== Work required ==
Repeat the records exactly. Leave out the pictures.

----

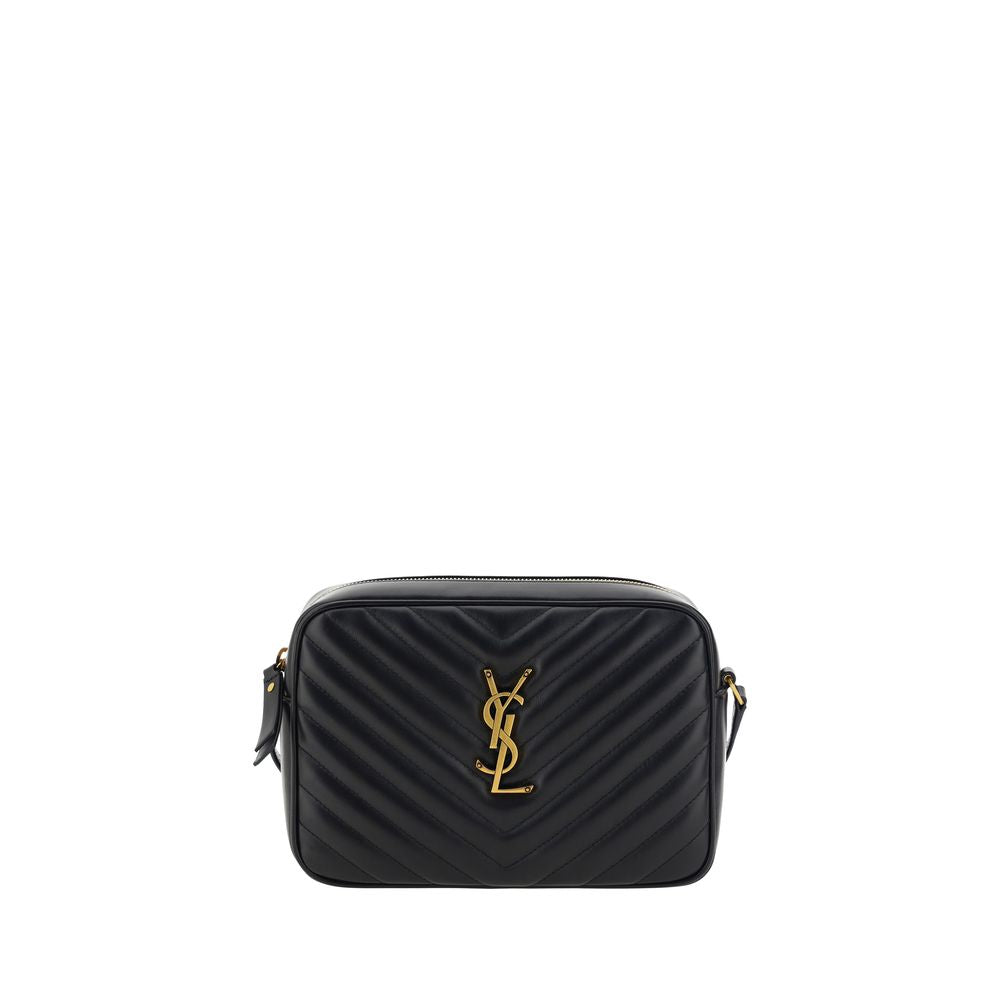 Saint Laurent Black Lou Camera Bag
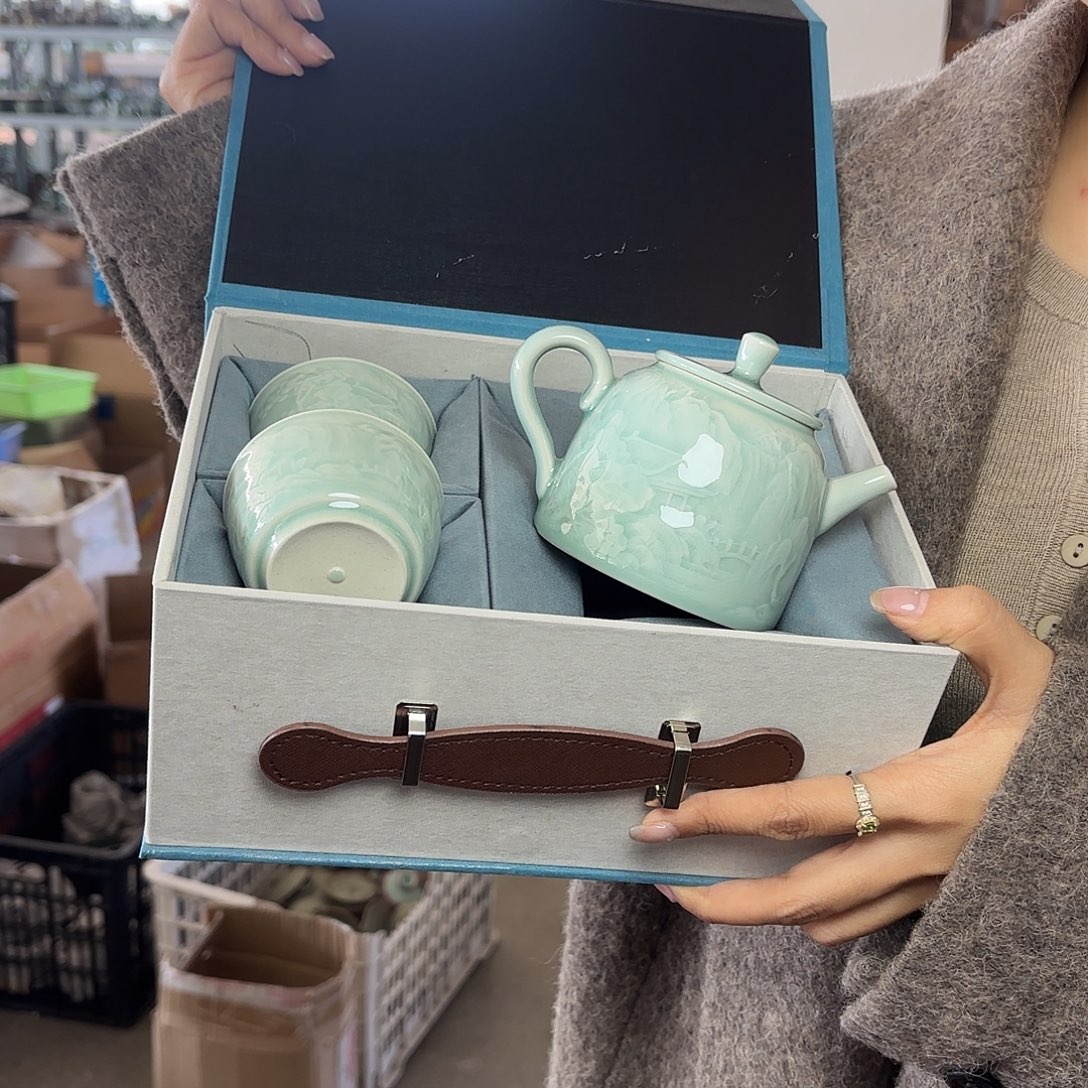 龙泉云间青瓷小米茶器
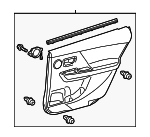 6763047330G0 - : 2012 Toyota Prius V - Door Trim Panel for Toyota: Prius V Image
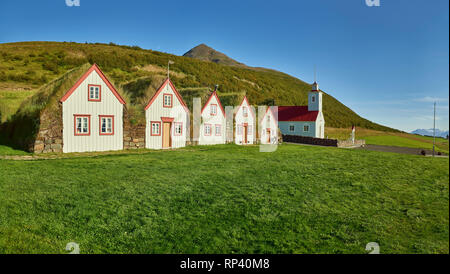 Museo Laufas, settentrionale, Islanda Foto Stock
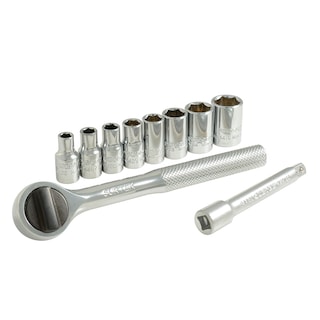 Foto 1 | Juego De Dados Y Accesorios Cuadro De 1/4'' En Pulgadas, 10 Piezas Surtek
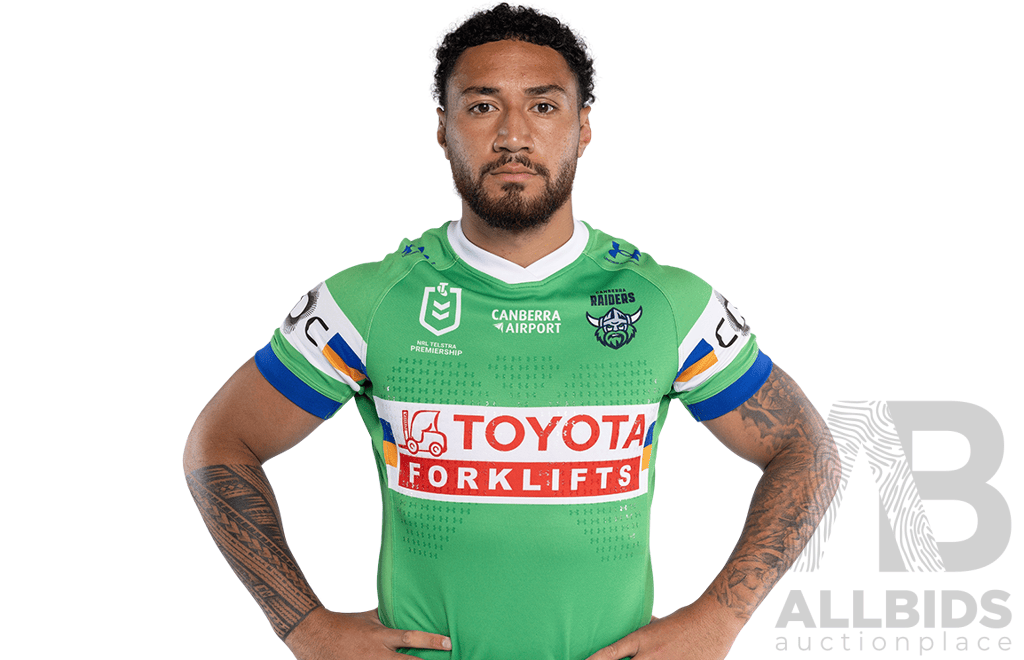 3. Simi Sasagi - Match Worn and Signed Canberra Raiders 2026 Indigenous Round Jersey - Round 23 V Knights - Proceeds Towards the Raiders Foundation
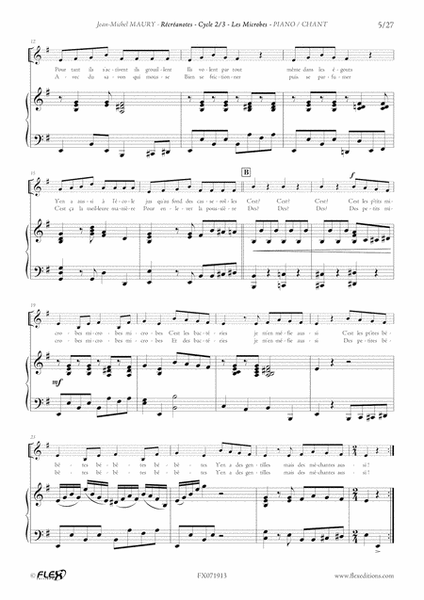Recreanotes - Cycle 2/3 - Children's Choir & Piano image number null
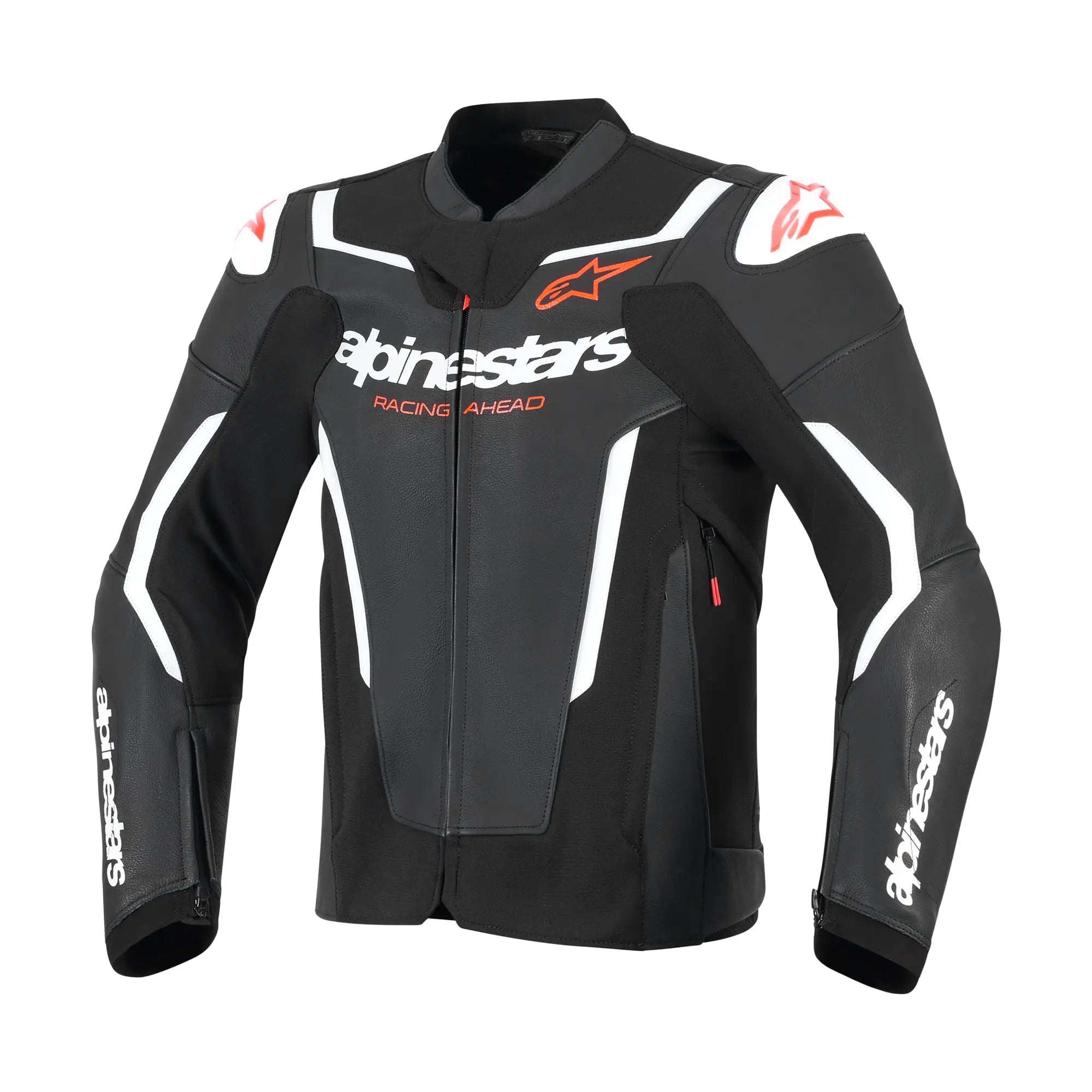 Alpinestars GP Force V2 Leather Motorcycle Jacket Black White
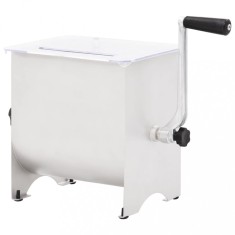 Malaxor de carne manual cu capac, argintiu, o?el inoxidabil foto
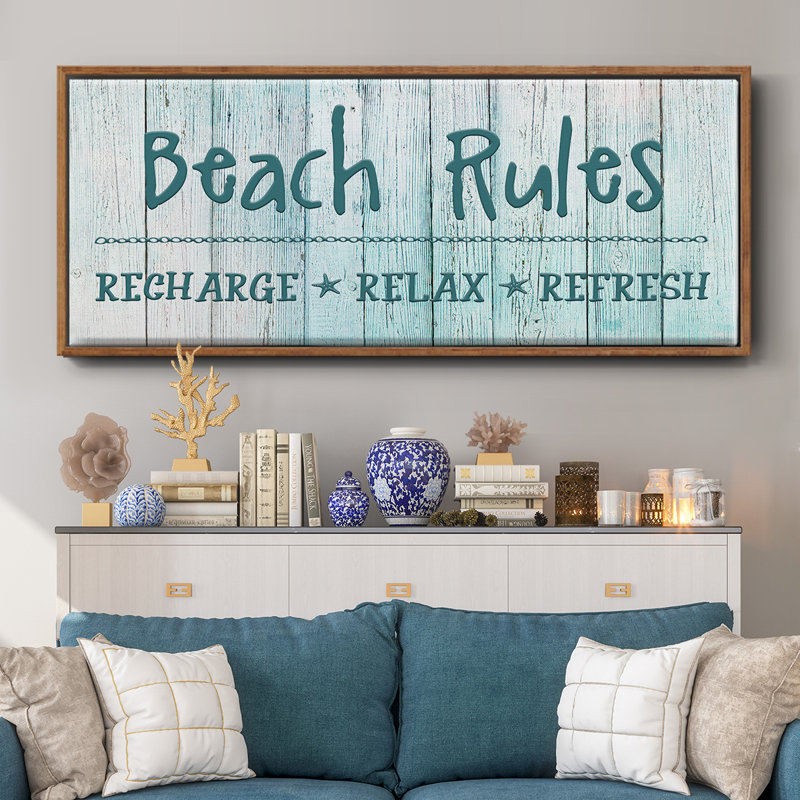 Recharges - Toile encadrée, H 12 po x l 30 po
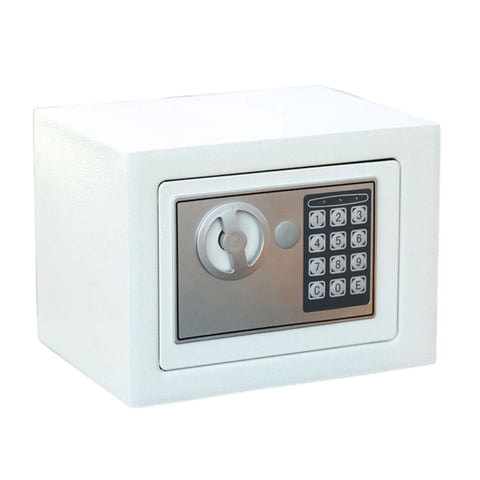 Importclick - Caja Fuerte Seguridad Digital Acero Color Blanco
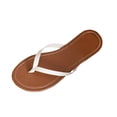 thumbnail image 1 of Women's Walking Shoes, Casual Plus-Size Flat Rubber Flip Flops for Spring/Summer, 1 of 9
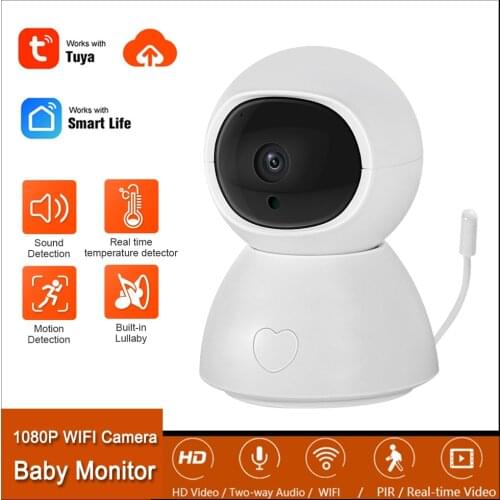 NEOCoolcam HD 1080P WiFi Baby Monitor Camera Wireless Home Security Nanny Pet Cameras Tuya Smart Life APP Sound Detection Alarm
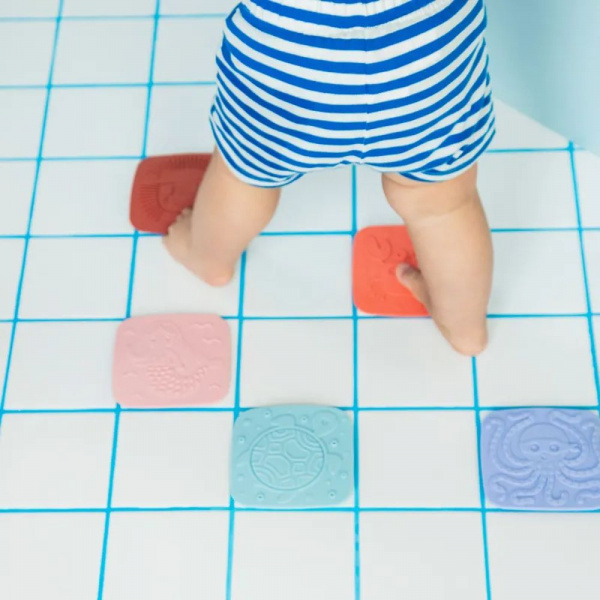 Lot de 5 dalles sensorielles pour le bain Lilliputiens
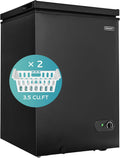 EUHOMY 3.5 Cu.ft Chest Freezer - Compact Deep Freezer for Small Spaces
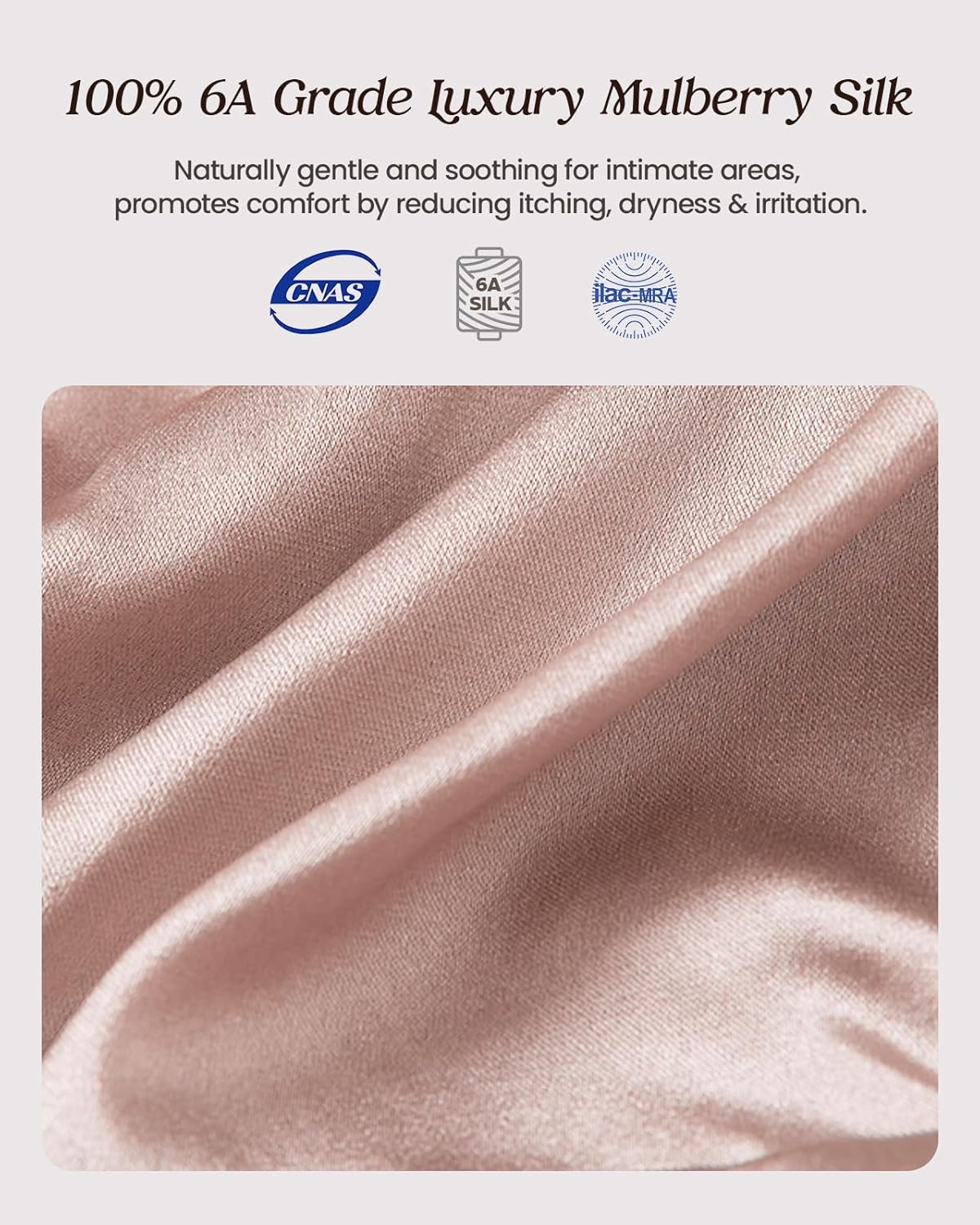 Women's Silk Satin Panties, 100% Mulberry Silk Underwear, Breathable Sexy Satin String Bikini Panties for Women - Image 3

----

== Result below ==
 Saint Laurent Black Lou Camera Bag
 龙泉云间青瓷小米茶器
 6763047330G0 - : 2012 Toyota Prius V - Door Trim Panel for Toyota: Prius V Image
 Museo Laufas, settentrionale, Islanda Foto Stock
 Foto 1 | Juego De Dados Y Accesorios Cuadro De 1/4'' En Pulgadas, 10 Piezas Surtek
 3. Simi Sasagi - Match Worn and Signed Canberra Raiders 2026 Indigenous Round Jersey - Round 23 V Knights - Proceeds Towards the Raiders Foundation
Recreanotes - Cycle 2/3 - Children's Choir & Piano image number null
 Alpinestars GP Force V2 Leather Motorcycle Jacket Black White
 Malaxor de carne manual cu capac, argintiu, o?el inoxidabil foto
 Recharges - Toile encadrée, H 12 po x l 30 po
 Importclick - Caja Fuerte Seguridad Digital Acero Color Blanco
 thumbnail image 1 of Women's Walking Shoes, Casual Plus-Size Flat Rubber Flip Flops for Spring/Summer, 1 of 9
 NEOCoolcam HD 1080P WiFi Baby Monitor Camera Wireless Home Security Nanny Pet Cameras Tuya Smart Life APP Sound Detection Alarm
 Lot de 5 dalles sensorielles pour le bain Lilliputiens
 EUHOMY 3.5 Cu.ft Chest Freezer - Compact Deep Freezer for Small Spaces
 Women's Silk Satin Panties, 100% Mulberry Silk Underwear, Breathable Sexy Satin String Bikini Panties for Women - Image 3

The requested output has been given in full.